TASK DATA:
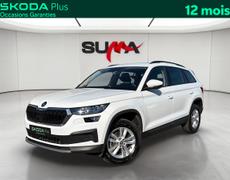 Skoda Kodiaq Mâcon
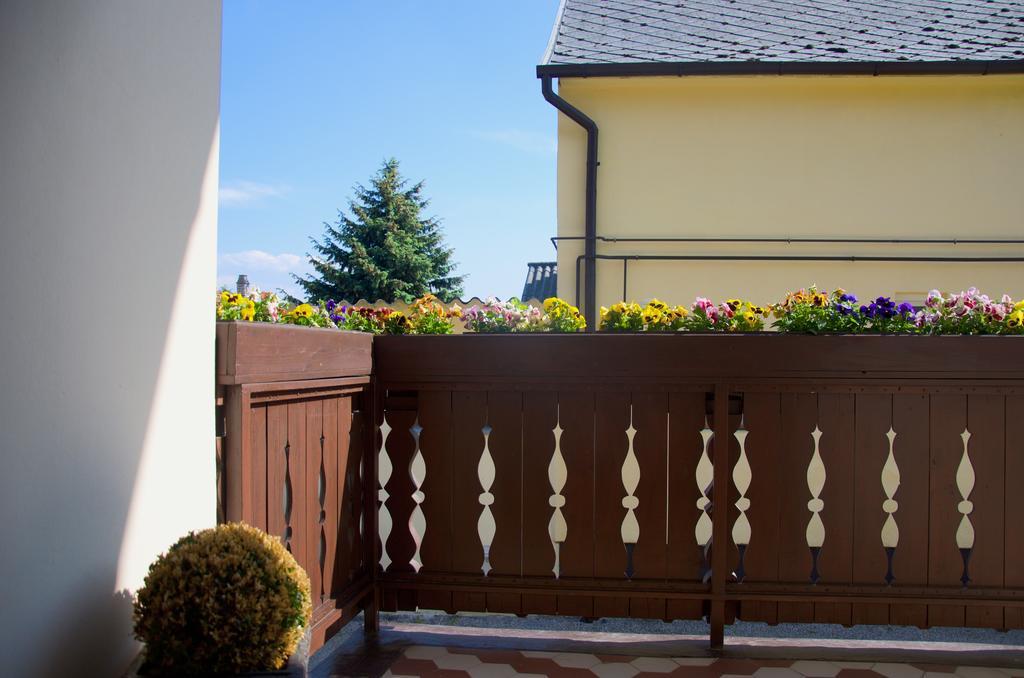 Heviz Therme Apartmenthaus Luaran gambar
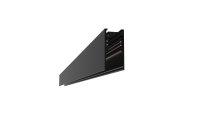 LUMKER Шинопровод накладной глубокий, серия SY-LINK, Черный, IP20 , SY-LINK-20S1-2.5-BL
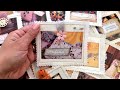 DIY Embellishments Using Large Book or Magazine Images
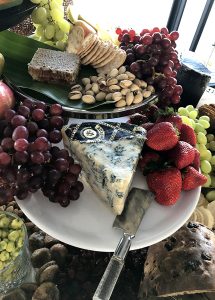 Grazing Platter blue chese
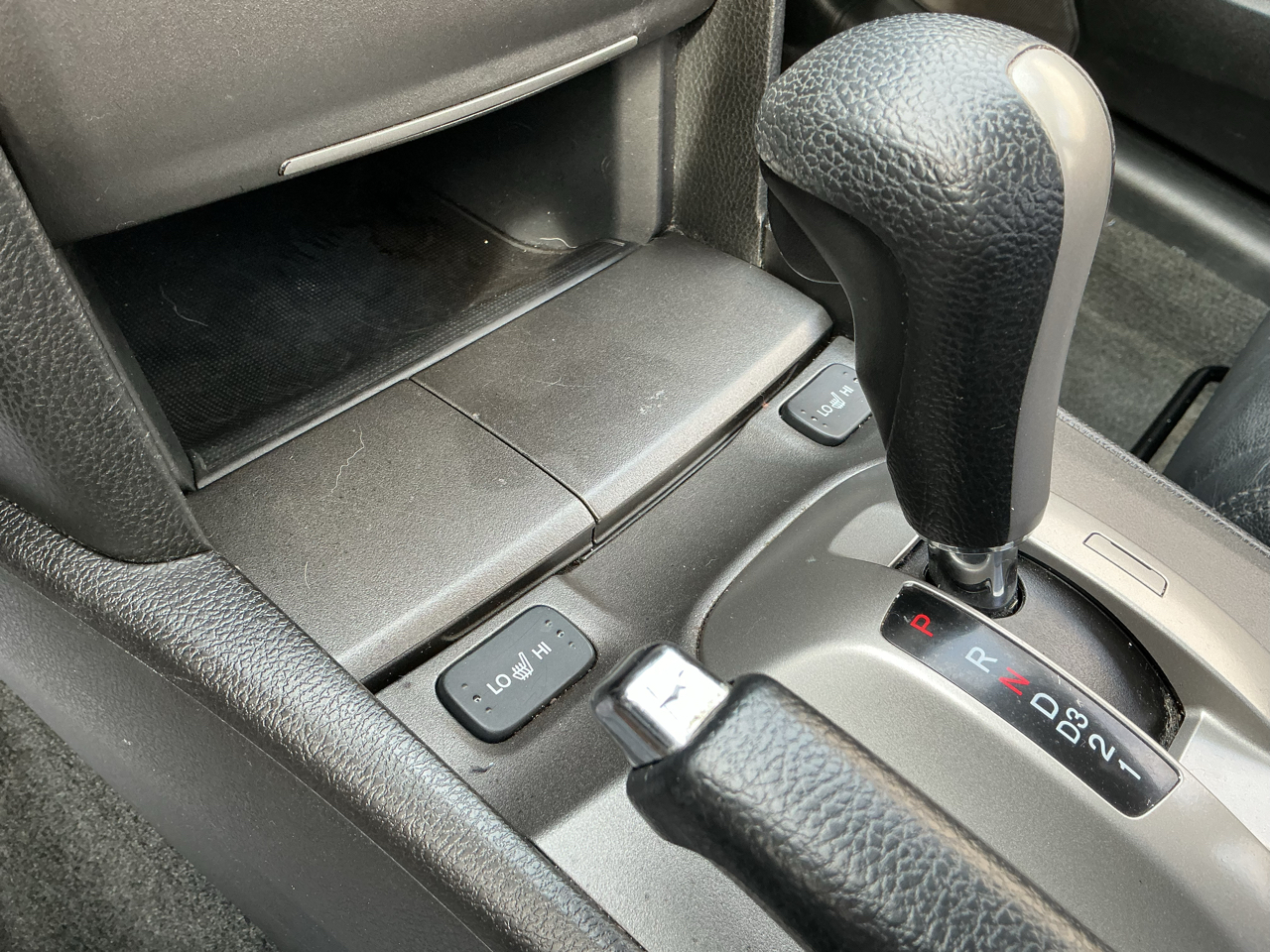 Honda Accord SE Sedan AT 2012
---
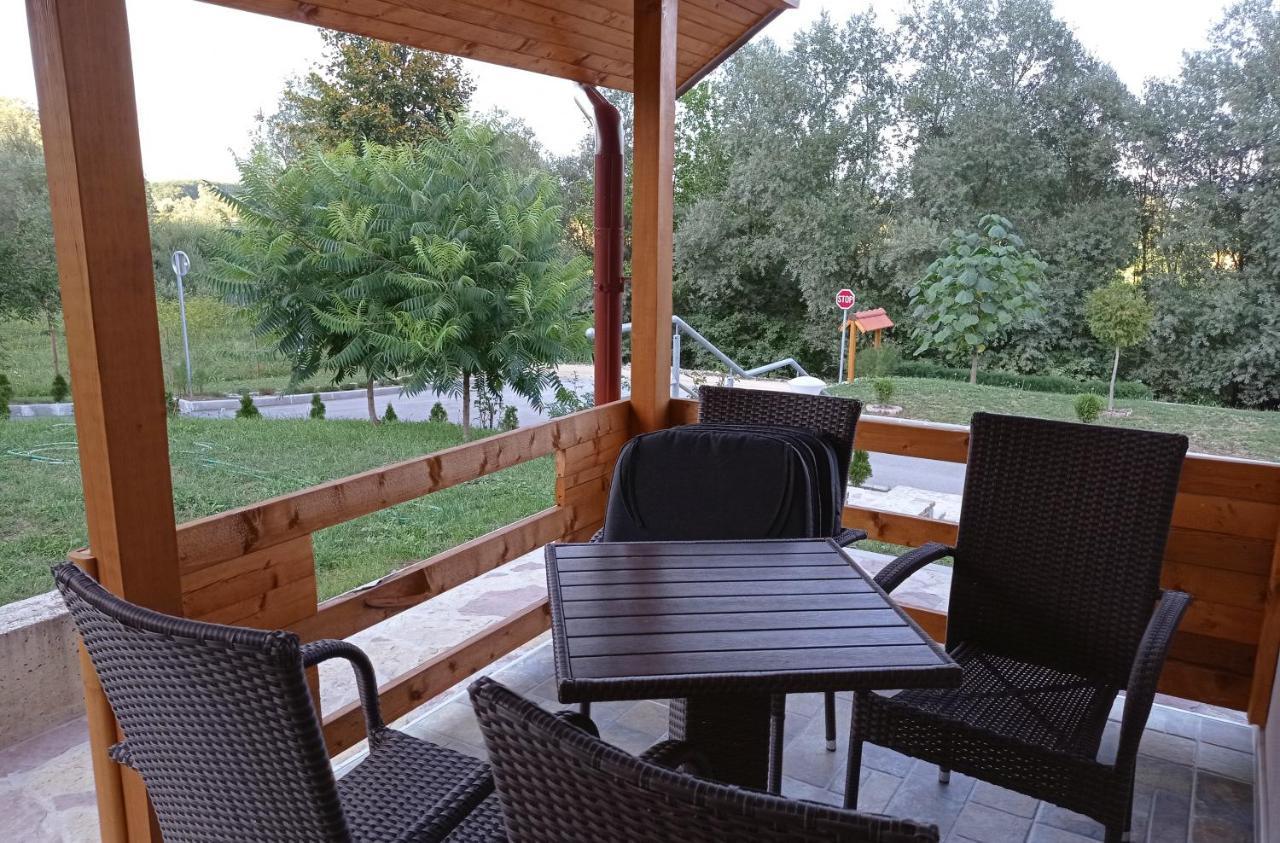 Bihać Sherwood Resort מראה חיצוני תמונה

ACTIVITY:
Each line above from the one containing "Grazing Platter blue chese" through the one containing "Honda Accord SE Sedan AT 2012" is to be returned verbatim. Nothing else, and no pictures.

RESPONSE:
 Grazing Platter blue chese
 Honda Accord SE Sedan AT 2012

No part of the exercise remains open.